TRY IT: Only one stretch of the data should be retyped: the lines from the line containing "After simplification, we" through the line containing "Hello there, Dukely". Keep pictures out of it.

DATA UNDER STUDY:
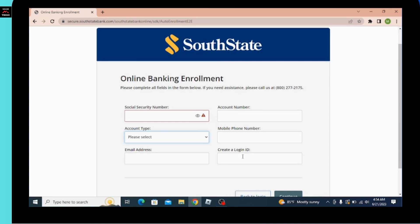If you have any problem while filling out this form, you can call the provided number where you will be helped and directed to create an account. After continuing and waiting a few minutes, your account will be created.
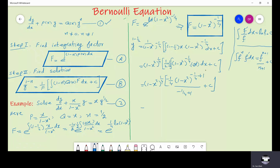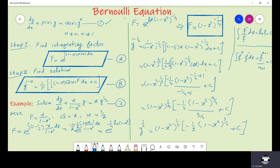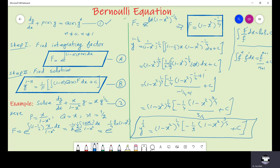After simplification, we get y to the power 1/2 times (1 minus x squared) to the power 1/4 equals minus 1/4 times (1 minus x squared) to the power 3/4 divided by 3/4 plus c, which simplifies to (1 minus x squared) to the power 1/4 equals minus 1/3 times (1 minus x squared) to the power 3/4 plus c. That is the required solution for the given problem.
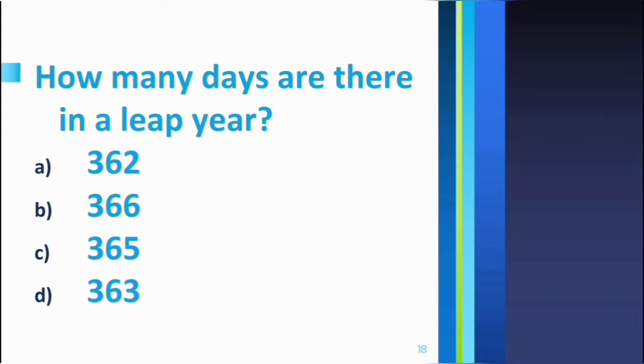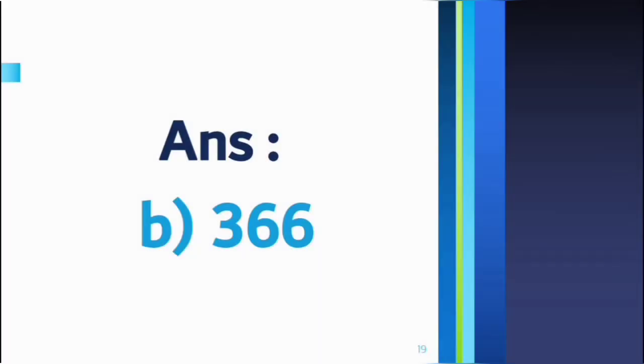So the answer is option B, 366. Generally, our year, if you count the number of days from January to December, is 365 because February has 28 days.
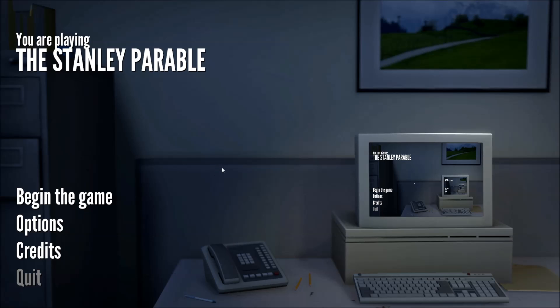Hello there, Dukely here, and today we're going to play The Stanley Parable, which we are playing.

---

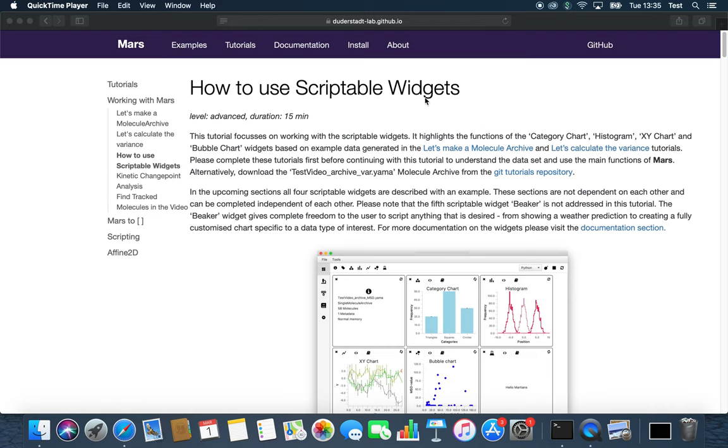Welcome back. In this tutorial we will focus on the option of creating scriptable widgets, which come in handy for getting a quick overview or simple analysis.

* * *

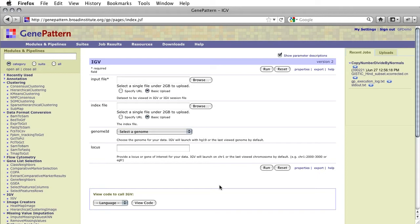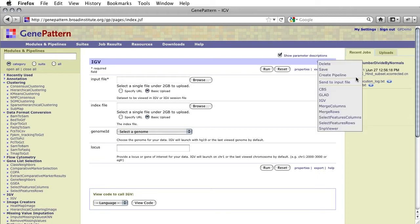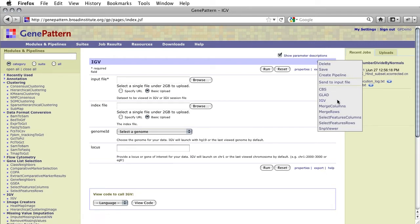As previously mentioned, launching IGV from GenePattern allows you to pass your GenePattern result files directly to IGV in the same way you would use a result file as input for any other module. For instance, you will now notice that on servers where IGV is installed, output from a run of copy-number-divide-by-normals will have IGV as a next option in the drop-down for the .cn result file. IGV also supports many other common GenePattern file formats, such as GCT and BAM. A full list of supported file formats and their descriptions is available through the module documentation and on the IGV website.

COMPLETED EXERCISE:
After simplification, we get y to the power 1/2 times (1 minus x squared) to the power 1/4 equals minus 1/4 times (1 minus x squared) to the power 3/4 divided by 3/4 plus c, which simplifies to (1 minus x squared) to the power 1/4 equals minus 1/3 times (1 minus x squared) to the power 3/4 plus c. That is the required solution for the given problem.
So the answer is option B, 366. Generally, our year, if you count the number of days from January to December, is 365 because February has 28 days.
Hello there, Dukely here, and today we're going to play The Stanley Parable, which we are playing.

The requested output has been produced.